_Exercise instructions_.
Once the pictures are set aside, transcribe the remaining data exactly.

Information provided Start Marker

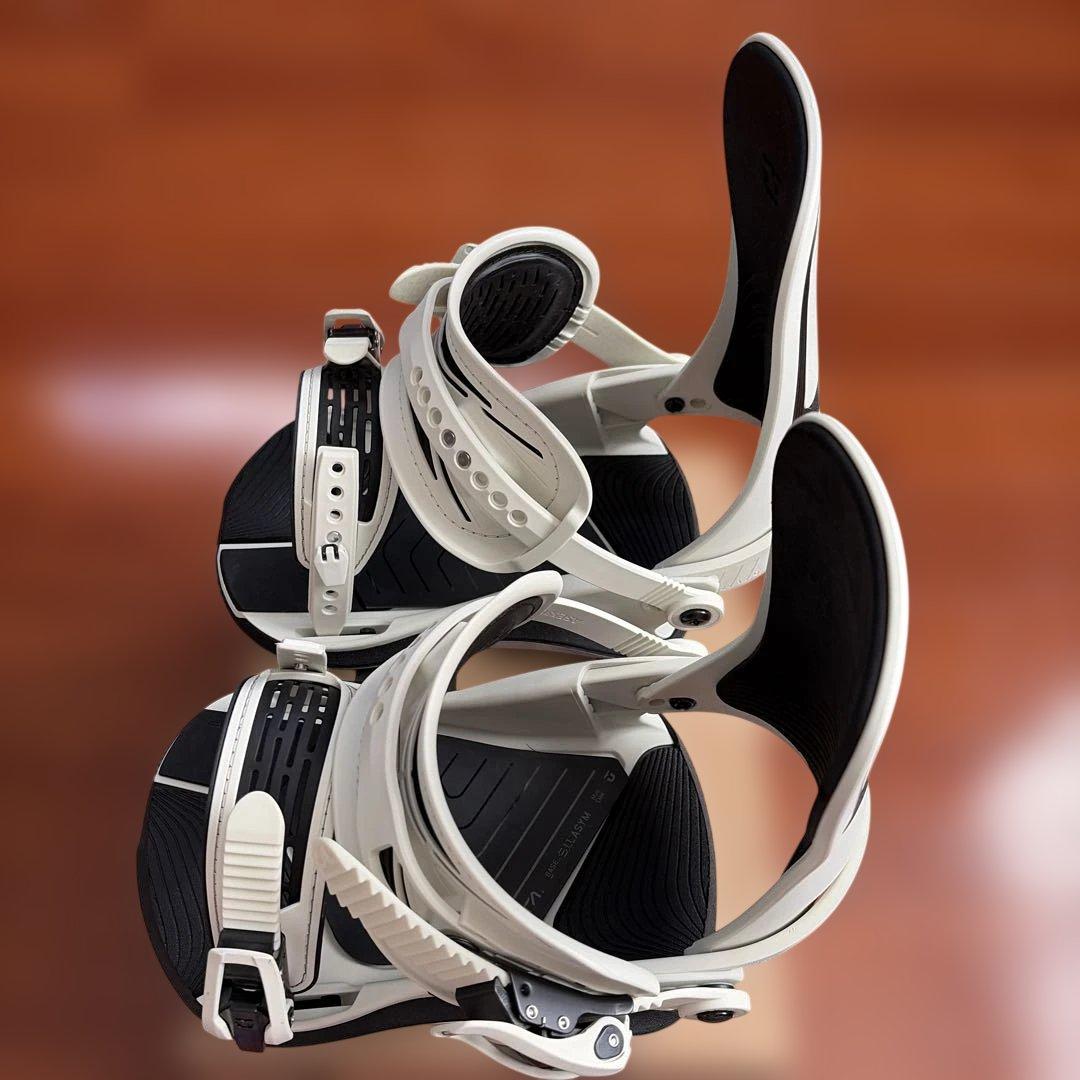 23-24 Union スノーボードビンディング ULTRA ホワイト sサイズ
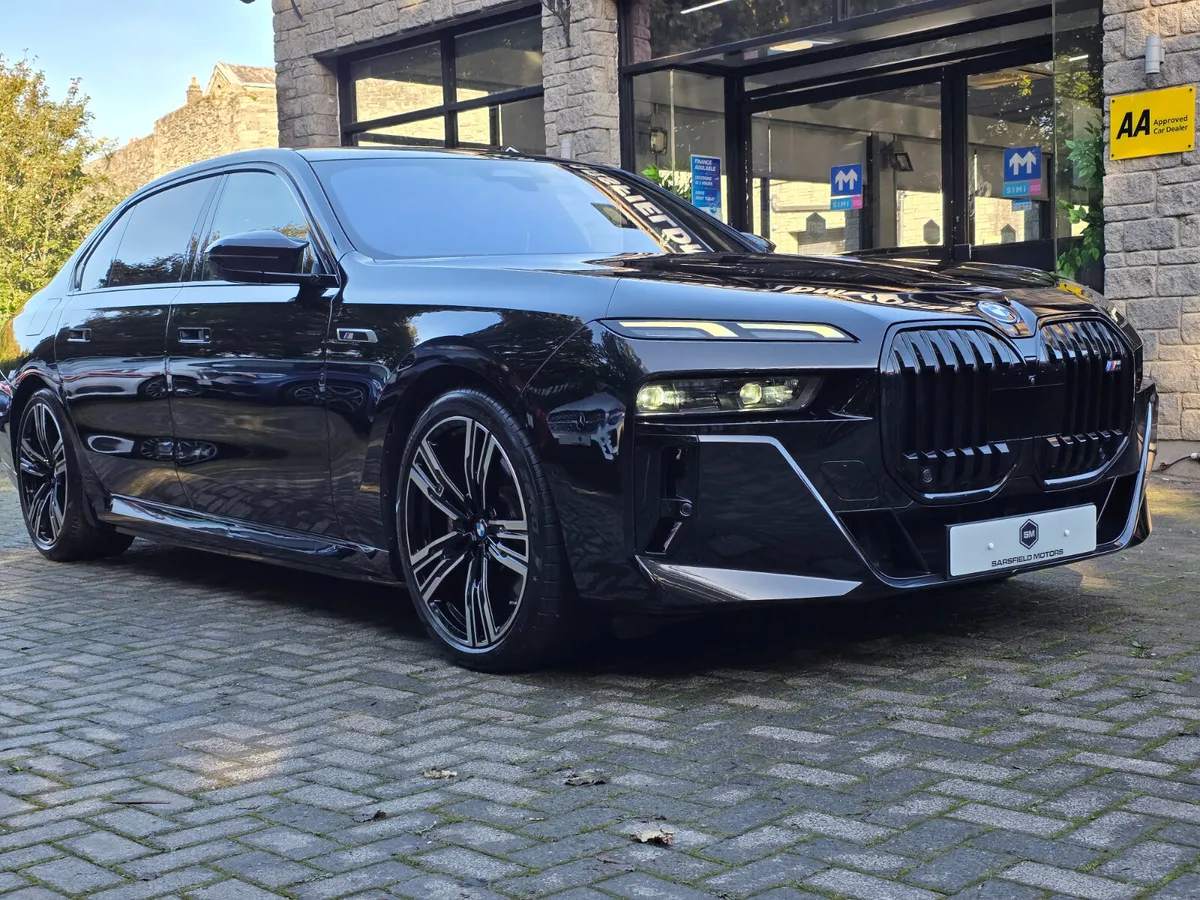 2023 BMW M760E M-SPORT XDRIVE AUTO. - Image 3
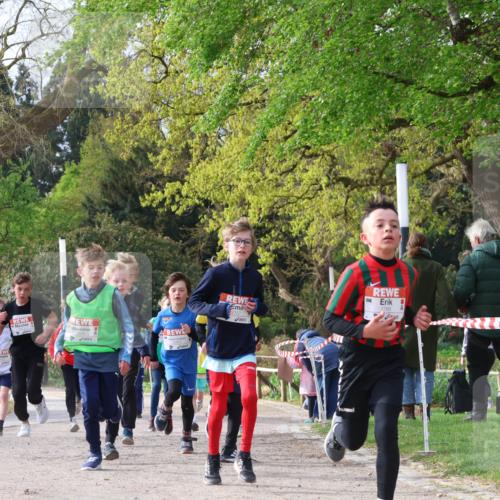 25.04.2026 - Das Zehntel Zöllner http://msf.ph/oto/9620630 25.04.2026 07:38:51 Laufen 2157, 1786 meine-sportfotos.de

Information provided End Marker

_Task output_.
 23-24 Union スノーボードビンディング ULTRA ホワイト sサイズ
 2023 BMW M760E M-SPORT XDRIVE AUTO. - Image 3
 25.04.2026 - Das Zehntel Zöllner http://msf.ph/oto/9620630 25.04.2026 07:38:51 Laufen 2157, 1786 meine-sportfotos.de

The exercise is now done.